But in other ways the newly married Elizabeth (as she now preferred to be known) was quietly radical. She joined the Communist Party of Great Britain at a time when intellectuals such as Philip Toynbee were joining, and even Virginia Woolf was writing for the Daily Worker. The CP members would often drive together to London to attend political meetings, and Elizabeth, by now pregnant with her first child, met a fiercely working-class young radical called Raymond Russell who worked at a fibreboard mill in the town, and was an aspiring artist (he would later design the cover for the first edition of At Mrs Lippincote’s; Elizabeth disliked it).

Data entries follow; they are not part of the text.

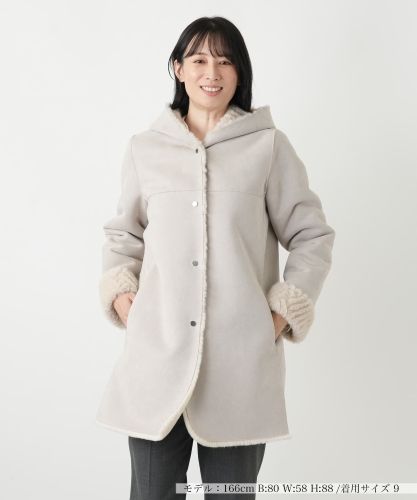 【極美品・現行・大きめXL】レリアン　ホワイトレーベル　リバーコート　ベージュ green label relaxing（グリーンレーベルリラクシング）の「MANTECO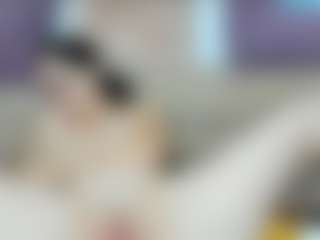 EnticingLucy's Live Sex Cam Show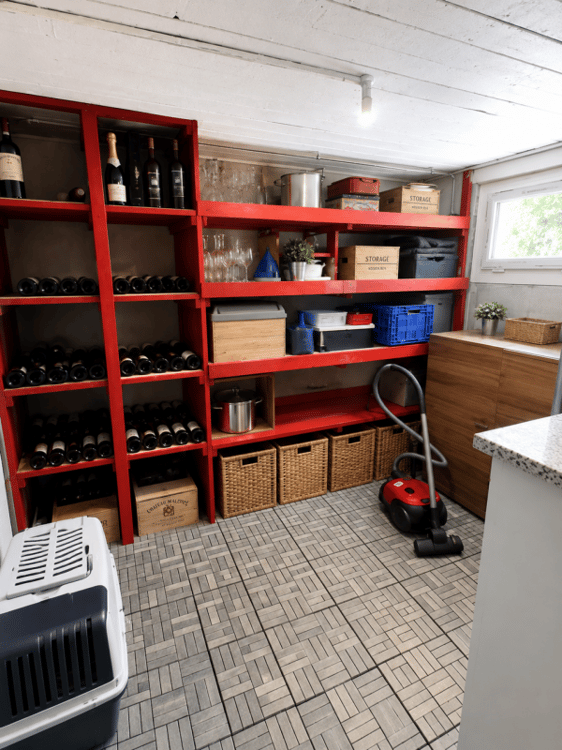 Superbe villa individuelle de 2 logements et disponible aménagé en grand studio, à proximité immédiate du centre d'Yverdon, avec spacieux jardin richement arboré et fleuri 36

Their friendship was forged in their creative connection and a shared passion for the cause. They sold copies of the Daily Worker together in the High Street and had discussions in the party’s cramped headquarters (similar to the flat in ‘Vasco Street’ above the shop in At Mrs Lippincote’s). When her son Renny was a year old, Elizabeth wrote to Ray to confess her feelings for him, and told him what she loved most about him:
‘You did not make the fact of my sex a burden to me, or tiresome. You did not shut me out from any part of your life, or expect me to do less because I was a woman.’5
It was the beginning of a ten-year affair, although for four of those years Ray would be in a prisoner-of-war camp and Elizabeth would give birth to her second child, a daughter. Her marriage to John, and with it a safe domestic respectability in Buckinghamshire, continued. Elizabeth looked elegant, managed her household and her children superbly and wrote whenever she could find the time. It seemed as if the fierce fire that once burned in her to become a novelist had been extinguished.
But beneath the smooth-running domestic surface there was something else going on. During that time, and throughout the war years, she also wrote hundreds of passionate letters to Ray, almost all of which are preserved in an archive today, a remarkable quarter of million words. These are love letters, certainly, but most of all they were a place where Elizabeth gave herself permission to work out important aspects of her creativity. ‘I am in a bad way, so hag ridden with this bloody need to write,’ she told Ray in 1942. ‘Some dreadful strength rushes through me. What is it? Do all human creatures experience this?’… Always I have the feeling that not to write is evil. I shall never get over it now.’6
Ray was her comrade, as her mother once had been. He was also her creative brother-in-arms. As Taylor’s biographer writes, the letters ‘reveal the development of a writer’s art over the decade that Elizabeth would call wasted because she was not published.’ But things were about to change, as she started to write seriously again. ‘I begin to smoulder… I Have Started Again.’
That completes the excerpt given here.